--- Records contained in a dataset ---
---*---

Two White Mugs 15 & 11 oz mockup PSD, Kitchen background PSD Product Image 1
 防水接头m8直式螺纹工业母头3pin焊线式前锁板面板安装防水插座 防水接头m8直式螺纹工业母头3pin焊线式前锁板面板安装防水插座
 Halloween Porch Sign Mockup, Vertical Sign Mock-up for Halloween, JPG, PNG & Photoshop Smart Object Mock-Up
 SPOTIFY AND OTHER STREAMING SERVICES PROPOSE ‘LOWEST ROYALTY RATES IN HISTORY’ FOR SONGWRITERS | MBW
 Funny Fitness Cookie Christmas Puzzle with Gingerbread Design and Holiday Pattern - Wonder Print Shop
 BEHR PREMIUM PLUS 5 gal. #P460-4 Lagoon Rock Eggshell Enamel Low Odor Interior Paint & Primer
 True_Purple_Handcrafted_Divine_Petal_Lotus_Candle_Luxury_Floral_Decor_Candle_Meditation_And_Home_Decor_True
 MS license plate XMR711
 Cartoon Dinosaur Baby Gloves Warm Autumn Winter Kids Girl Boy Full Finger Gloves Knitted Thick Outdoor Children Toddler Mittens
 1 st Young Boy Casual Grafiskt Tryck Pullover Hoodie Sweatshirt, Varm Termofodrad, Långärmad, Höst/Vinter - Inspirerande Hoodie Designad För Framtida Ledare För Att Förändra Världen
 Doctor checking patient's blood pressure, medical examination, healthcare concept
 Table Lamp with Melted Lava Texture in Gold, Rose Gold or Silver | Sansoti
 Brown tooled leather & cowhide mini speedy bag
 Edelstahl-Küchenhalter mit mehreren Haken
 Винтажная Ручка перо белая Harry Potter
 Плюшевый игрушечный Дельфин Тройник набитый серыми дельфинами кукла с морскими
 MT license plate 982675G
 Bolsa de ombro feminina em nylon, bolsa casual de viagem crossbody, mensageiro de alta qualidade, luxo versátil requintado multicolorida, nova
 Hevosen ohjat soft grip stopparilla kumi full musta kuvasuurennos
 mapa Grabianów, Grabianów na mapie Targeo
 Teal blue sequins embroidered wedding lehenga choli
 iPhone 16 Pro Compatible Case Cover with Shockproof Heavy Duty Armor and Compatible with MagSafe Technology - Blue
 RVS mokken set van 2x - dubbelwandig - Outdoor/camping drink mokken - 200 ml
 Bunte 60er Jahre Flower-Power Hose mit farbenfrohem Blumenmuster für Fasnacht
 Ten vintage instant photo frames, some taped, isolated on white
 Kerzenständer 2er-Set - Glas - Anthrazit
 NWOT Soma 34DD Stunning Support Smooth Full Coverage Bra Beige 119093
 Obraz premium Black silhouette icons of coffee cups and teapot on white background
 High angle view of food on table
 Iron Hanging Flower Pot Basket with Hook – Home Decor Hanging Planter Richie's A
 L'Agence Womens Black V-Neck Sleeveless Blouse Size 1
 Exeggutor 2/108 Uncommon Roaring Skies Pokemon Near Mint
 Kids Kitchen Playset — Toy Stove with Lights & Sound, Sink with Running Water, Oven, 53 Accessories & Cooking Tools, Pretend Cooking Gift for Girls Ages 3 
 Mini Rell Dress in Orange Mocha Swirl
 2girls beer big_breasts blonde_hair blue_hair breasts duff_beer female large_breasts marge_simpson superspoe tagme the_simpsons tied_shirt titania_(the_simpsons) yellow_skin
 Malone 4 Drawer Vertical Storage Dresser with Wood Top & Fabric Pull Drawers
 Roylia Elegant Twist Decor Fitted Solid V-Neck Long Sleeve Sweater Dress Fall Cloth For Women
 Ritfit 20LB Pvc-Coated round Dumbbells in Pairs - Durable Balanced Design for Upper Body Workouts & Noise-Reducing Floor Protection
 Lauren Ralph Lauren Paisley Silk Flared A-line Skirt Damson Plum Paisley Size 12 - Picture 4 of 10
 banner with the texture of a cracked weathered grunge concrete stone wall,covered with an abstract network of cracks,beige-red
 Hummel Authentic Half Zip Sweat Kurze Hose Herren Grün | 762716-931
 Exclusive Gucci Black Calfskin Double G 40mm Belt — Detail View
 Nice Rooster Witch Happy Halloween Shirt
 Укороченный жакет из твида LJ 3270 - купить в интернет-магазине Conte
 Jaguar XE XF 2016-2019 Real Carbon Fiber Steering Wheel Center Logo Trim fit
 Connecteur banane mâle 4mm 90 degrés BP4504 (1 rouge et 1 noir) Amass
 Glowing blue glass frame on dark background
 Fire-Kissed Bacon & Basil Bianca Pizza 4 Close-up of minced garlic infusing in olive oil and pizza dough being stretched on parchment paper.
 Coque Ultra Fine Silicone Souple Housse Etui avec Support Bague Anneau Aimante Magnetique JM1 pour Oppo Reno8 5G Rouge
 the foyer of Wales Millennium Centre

---*---

--- Task instructions ---
Transcribe each line of the data above, unaltered, from the one where "SPOTIFY AND OTHER" appears to the one where "Funny Fitness Cookie" appears, inclusive of both.

--- Answer to this problem ---
 SPOTIFY AND OTHER STREAMING SERVICES PROPOSE ‘LOWEST ROYALTY RATES IN HISTORY’ FOR SONGWRITERS | MBW
 Funny Fitness Cookie Christmas Puzzle with Gingerbread Design and Holiday Pattern - Wonder Print Shop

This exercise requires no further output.